In high school, Beth played James Taylor, Beatles, Joni Mitchell and Tom Rush songs (and original songs, too) to get into cool parties.
At Swarthmore College near Philadelphia, PA she played in the coffee houses and in her room while earning her BA in psychology and education.
In California she played in clubs and lunch houses while doing graduate work in anthropology, taking her guitar EVERYWHERE. She read Jack Keruoac, Robert Pirsig and Edward Abbey and watched Monty Python. The mighty Greyhound carried her across the nation many times, while she played her guitar and wrote more songs.
Living under a visqueen covered log, she played and wrote in Alaska on the Homer Spit while processing salmon (slimy hands on guitar strings). She hopped trains from British Columbia to Baja California, meeting the characters who would influence her songs. She travelled across the sub zero Rocky Mountain West in a VW bus with only a bunsen burner flaming away to keep the cab warm. And she kept writing.
In Jackson Hole, WY, she was drive time announcer, jazz DJ and music director at KMTN. There she listened to every conceivable form of music and met guitarists, writers and singers like Michael Hedges, Chuck Pyle, Pierce Pettis, Will Ackerman and many others.
She left home to tour with and learn from the great American blueswoman, Rory Block. The incomparable luthier Chuck Spray built her gorgeous Snake River Guitar.
She submitted songs from her demo, Original, and won the John Abercrombie Merit Based Scholarship to attend the Berklee College of Music in Boston. There she spent her time with William Leavitt, who developed the Berklee Method for Guitar.
Her songs won the Wyoming Performing Arts Fellowship and she began her touring career in earnest. For the next 10 years, she crisscrossed the nation many times over. She shared the stage with Leo Kottke, R. Carlos Nakai, Emmy Lou Harris, Karla Bonoff, Phil Round, Ben Winship and David Bromberg among others. She played shows for small colleges and arts councils and as well as in halls, theatres and old movie houses filled with thousands. She played clubs, festivals, radio shows, in schools, on boats and in churches.

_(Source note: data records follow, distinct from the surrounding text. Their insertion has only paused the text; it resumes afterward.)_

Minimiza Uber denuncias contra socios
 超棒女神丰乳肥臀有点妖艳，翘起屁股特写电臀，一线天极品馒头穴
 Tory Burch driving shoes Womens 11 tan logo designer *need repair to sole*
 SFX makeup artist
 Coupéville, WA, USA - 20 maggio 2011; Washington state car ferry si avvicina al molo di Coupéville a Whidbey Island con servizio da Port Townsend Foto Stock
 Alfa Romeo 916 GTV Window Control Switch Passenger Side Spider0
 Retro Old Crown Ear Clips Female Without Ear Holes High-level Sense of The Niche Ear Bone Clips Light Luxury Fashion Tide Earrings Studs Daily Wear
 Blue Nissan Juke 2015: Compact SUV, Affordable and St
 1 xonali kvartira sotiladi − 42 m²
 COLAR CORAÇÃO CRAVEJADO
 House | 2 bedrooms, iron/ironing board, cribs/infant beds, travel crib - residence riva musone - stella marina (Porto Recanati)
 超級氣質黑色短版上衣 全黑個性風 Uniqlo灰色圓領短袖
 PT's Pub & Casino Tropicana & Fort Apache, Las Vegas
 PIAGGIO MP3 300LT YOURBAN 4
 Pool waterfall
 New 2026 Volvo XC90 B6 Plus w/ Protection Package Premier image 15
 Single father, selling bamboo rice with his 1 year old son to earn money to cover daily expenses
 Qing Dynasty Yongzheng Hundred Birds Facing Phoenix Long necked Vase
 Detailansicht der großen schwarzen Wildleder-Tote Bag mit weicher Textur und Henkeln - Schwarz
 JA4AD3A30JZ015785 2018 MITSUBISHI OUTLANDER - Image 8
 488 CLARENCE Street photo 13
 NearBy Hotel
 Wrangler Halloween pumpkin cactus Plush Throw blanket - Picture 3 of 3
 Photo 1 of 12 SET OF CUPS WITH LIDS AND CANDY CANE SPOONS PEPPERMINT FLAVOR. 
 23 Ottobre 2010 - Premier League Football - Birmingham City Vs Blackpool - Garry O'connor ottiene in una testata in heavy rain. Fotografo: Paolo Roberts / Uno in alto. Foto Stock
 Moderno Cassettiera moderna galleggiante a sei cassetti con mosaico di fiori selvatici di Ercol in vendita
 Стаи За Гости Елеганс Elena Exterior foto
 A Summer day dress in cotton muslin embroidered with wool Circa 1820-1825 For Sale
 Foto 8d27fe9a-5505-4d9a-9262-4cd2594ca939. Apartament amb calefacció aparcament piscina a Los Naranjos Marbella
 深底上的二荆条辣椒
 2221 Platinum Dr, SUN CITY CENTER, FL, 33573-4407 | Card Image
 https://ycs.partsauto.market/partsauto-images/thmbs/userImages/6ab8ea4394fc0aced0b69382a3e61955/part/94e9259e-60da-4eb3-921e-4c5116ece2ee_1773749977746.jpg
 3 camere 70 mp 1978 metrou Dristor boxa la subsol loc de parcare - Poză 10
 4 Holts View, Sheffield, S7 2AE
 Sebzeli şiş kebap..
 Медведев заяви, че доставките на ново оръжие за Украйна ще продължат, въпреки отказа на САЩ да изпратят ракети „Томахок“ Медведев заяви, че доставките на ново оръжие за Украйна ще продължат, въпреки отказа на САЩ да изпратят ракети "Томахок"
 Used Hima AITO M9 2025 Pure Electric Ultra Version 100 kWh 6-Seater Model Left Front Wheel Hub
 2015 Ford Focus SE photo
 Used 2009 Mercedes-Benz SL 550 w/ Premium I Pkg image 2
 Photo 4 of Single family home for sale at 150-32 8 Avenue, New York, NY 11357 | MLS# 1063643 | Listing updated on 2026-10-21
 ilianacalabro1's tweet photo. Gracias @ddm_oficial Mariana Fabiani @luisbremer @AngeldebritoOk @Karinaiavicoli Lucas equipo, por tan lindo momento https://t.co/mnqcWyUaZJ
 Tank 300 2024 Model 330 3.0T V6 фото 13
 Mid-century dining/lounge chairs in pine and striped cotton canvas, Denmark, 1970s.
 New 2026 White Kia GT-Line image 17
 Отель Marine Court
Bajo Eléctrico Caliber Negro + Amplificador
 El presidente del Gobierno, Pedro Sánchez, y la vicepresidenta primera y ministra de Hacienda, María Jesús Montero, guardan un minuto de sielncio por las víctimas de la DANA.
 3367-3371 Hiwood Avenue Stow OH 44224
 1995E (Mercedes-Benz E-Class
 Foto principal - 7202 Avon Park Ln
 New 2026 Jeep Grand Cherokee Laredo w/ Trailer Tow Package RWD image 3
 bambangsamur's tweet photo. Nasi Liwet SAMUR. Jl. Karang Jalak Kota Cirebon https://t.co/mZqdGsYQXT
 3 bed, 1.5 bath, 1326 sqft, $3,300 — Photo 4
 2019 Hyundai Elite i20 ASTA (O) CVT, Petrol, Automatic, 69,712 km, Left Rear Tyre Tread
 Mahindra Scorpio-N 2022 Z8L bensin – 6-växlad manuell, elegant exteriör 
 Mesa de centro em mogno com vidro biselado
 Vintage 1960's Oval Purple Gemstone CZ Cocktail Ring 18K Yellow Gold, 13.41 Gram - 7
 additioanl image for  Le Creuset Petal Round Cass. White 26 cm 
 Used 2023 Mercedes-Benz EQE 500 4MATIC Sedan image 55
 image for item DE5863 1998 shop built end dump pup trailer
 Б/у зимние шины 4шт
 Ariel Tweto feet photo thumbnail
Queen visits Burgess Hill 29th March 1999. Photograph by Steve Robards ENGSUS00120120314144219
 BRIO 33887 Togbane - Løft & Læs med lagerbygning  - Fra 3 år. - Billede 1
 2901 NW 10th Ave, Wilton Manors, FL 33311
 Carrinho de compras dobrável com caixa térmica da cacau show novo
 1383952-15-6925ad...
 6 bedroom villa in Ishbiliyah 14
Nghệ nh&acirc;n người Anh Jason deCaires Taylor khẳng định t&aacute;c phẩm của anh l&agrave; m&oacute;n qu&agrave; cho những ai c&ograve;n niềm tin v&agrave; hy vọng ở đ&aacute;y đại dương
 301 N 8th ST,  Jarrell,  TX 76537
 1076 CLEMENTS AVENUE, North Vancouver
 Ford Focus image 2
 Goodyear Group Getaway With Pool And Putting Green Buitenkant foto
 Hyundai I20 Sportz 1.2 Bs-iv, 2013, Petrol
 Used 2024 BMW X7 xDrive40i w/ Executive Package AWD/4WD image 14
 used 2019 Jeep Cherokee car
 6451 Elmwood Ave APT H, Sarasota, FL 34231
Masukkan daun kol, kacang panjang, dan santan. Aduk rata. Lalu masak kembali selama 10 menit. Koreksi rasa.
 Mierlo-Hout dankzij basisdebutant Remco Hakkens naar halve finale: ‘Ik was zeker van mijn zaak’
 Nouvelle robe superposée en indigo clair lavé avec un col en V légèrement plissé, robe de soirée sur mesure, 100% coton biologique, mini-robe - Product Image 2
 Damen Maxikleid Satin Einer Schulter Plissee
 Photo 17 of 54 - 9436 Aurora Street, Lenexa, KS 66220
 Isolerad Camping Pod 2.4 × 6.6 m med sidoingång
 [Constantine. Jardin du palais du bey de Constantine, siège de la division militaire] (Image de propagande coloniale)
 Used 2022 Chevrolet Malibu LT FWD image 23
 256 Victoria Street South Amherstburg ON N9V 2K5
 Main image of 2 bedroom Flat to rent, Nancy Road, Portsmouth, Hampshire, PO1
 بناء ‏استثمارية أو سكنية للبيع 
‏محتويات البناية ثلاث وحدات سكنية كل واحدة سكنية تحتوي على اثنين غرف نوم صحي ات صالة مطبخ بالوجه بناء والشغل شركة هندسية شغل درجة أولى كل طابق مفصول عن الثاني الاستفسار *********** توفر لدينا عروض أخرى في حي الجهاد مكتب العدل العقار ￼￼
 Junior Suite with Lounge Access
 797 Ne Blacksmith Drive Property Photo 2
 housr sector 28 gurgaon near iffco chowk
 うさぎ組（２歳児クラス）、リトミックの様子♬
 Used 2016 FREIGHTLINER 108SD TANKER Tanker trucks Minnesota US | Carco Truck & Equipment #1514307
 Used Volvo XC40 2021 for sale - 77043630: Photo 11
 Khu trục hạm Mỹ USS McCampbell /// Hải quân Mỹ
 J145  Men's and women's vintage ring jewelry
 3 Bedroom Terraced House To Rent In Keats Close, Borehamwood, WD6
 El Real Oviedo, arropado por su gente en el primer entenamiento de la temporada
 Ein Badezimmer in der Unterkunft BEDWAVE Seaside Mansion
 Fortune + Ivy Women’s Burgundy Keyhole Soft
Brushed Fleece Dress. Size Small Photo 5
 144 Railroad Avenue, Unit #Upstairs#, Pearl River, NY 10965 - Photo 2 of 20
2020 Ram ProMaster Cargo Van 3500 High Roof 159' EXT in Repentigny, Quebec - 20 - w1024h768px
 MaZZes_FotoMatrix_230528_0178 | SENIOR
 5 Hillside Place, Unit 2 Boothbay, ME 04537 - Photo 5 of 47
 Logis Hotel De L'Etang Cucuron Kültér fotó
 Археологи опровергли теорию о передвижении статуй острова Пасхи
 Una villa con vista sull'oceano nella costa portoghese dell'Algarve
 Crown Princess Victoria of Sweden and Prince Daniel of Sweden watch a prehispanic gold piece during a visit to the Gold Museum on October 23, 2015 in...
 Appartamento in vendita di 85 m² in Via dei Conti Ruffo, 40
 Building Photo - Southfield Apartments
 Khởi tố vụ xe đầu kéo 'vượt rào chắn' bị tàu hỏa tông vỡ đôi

During this period she released four full length original CD's: FIRE AND SAGE, GRIZZLIES WALKING UPRIGHT, SONGLINE and THE WILD RIDE, defining her voice as a writer strongly influenced by powerful places. Paul Schullery (author, Mountain Time) used her music in a lecture series to illustrate how music can evoke the Wild. She headlined at the Walk Festival Hall in Teton Village, WY. She performed at Kingsbury Hall and the University of Utah Fine Arts Auditorium and the Northwest Folklife Festival. She met some of the most important writers in America and performed alongside authors Doug Peacock (Wild Places, Wild Hearts Tour), Terry Tempest Williams, Charlie Craighead, Lyn Dalebout, William Kittridge and Rick Bass among others.
It was demanding, crazy and wonderful. Once, in New Hampshire at a luthier's shop, her car--filled with everything she owned (most importantly her guitar)--gently rolled into the Pemigewassett River. The luthier hopped into his canoe, paddled to the car, lifted the hatch, and saved the guitar. (The car and all its contents sunk.) The Snake River Guitar, obviously at hoome with rivers, never sounded better and remains her primary performing instrument.
Beth now performs in listening situations. Her message is a strongly hopeful one about recreating a mythology appropriate for our world that will excite, amuse and move you in extraordinary ways.